While we all know the adage “it takes a village to raise a child,” no one takes that truth more seriously than Communities in Schools (CIS). At its annual Keeping Kids in School Luncheon on Monday, Communities in Schools San Antonio (CIS-SA) CEO Jessica Weaver celebrated that village for its commitment and accomplishments.
“Our mission to surround students with a community of support, empowering them to stay in school and achieve in life, can’t be done without a community that cares,” Weaver told the audience at the Omni San Antonio at the Colonnade.
State Sen. Carlos Uresti (D-19) joined Weaver to recognize a particularly active partner for CIS nationally as well as in San Antonio: AT&T. They presented the company with the Shining Star Award in honor of the numerous financial and volunteer commitments made in 2016. For 2016, AT&T has pledged 1 million volunteer hours nationwide, with more than 1,000 in San Antonio this year already.
AT&T awarded $134,000 to CIS-SA earlier this year as part of the company’s nationwide Aspire Program. The grant made it possible to keep a site coordinator at Lanier High School, and expand the Roosevelt High School position. In addition to financial support, AT&T has opened its doors to CIS-SA students for job shadowing, resume writing workshops, and mock interviews.
Other government, school and business leaders were also in attendance. Many of the approximately 600 in attendance represented the business community. State Sen. José Menéndez (D-26), state representatives Justin Rodriguez (D-125) and Ina Minjarez (D-124), council members Alan Warrick (D2) Rey Saldaña (D4), Rey Lopez (D6), joined superintendents and board members from around the city. Saldaña, was a part of the CIS-SA program when he was a student at South San High School.
Weaver and others cited many statistics indicating the success of CIS-SA. Of the 7,504 students they serve across 78 schools in 11 districts, 99% stayed in school while they were part of the site coordinator’s case load. In addition to the statistics, three students shared personal testimonies of how CIS-SA helped them achieve their goals.
Ebony, an eighth-grader at Rhodes Middle School, has been part of CIS-SA for four years. She was withdrawn, frequently absent and performing poorly in school when she was referred to the program. Grade levels behind, Ebony fit the description of an at-risk student, but over the last four years she has improved her outlook and performance significantly. Her site coordinator has persistently and faithfully stayed by her side.

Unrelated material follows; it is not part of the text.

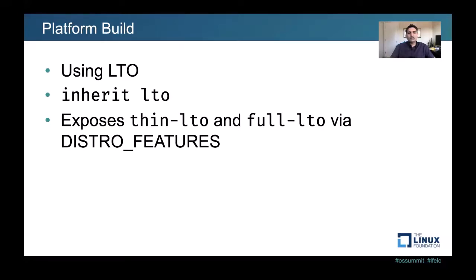There is LTO support available — you can inherit the 'lto' class in recipes. It exposes two options: thin LTO, which is a faster variant, and full LTO, which takes longer and needs more resources but may yield better code with more size reduction. Thin LTO is fast and can give good results. One issue is that enabling LTO along with size optimizations doesn't yet work with Clang — bugs are already open in LLVM Bugzilla to address that.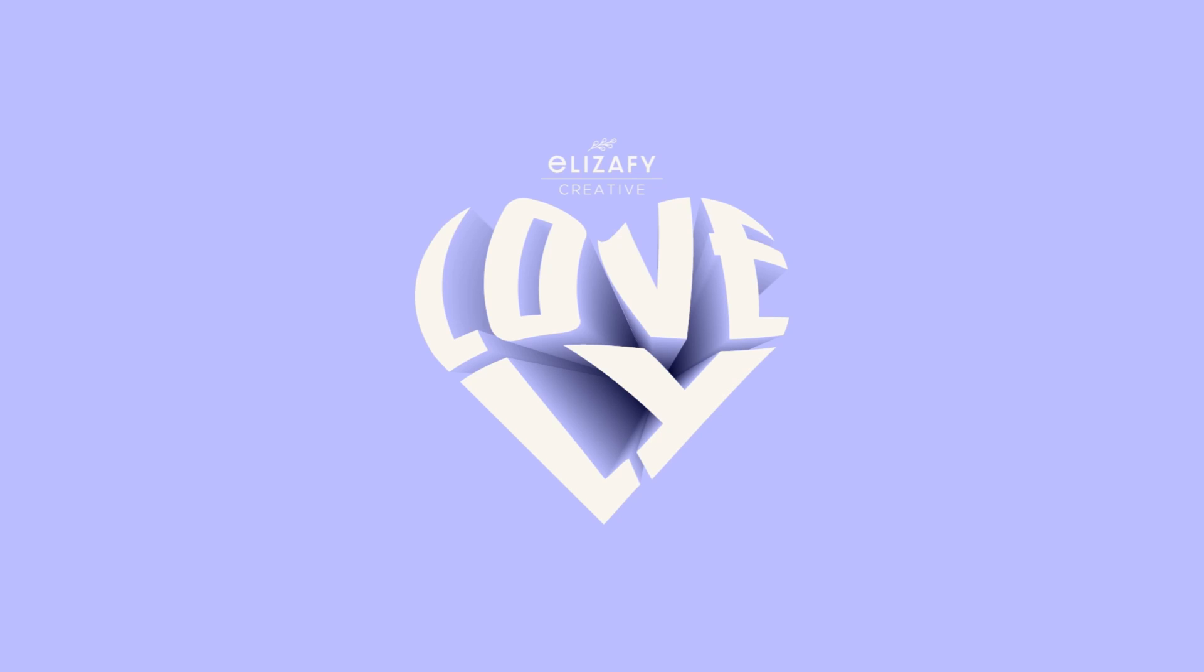Thank you so much for watching my video today. Please give this video a big thumbs up. Subscribe to my channel. Make sure you follow me on all my socials. And I will see you in the next one.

“It was just step by step,” Ebony said.
Hector, a senior at South San High School, said that he realized the resource he had in CIS-SA when he attended a summer program. There he got a full picture of how CIS-SA works, connecting students and opportunities, as well as help along the way.
“It meant a lot knowing that they were always going to be there,” Hector said.
Entering his junior year, he knew he would need to put that support to the test. In addition to the increased rigor, he would have to start working to contribute to his family income. He took a job at Whataburger, and his site coordinator kept him accountable to stay on top of his school work.
Hector will graduate eighth in his class, and begin next year as a freshman at University of Texas at Austin, where he plans to study chemistry.
His employers at Whataburger were so inspired by Hector, that they presented each of the three spotlighted students with a $1,000 scholarship at the luncheon.
Rachel, a senior at Harlandale High School credits CIS-SA for helping her find her passion. Her freshman year had her descending into depression, watching her grades fall, and feeling lost. In her sophomore year, she signed up for theater as a basic elective and soon fell in love. She was asked to join the production class, an advanced program, which affirmed she was talented as well.
“It was one of the first times I had gotten that kind of approval, that I was good at something other people weren’t necessarily good at,” Rachel said.
She talked to her site coordinator, who encouraged the spark she saw in Rachel.
This fall, Rachel will head to New York to study at the American Musical and Dramatic Academy’s New York campus to pursue what she jokingly calls “the delusional dream of being an actress.”
She knows that she is headed for a competitive field in a competitive city, but she credits CIS-SA for giving her the confidence to pursue her passion.
CIS will continue to support students like Hector and Rachel next year through their post-secondary programs. They remain committed to ensuring that students not only graduate from high school, but obtain the degrees and credentials they need to be successful in life.
CIS-SA remains committed to the success of students like these, and their classmates in high poverty schools.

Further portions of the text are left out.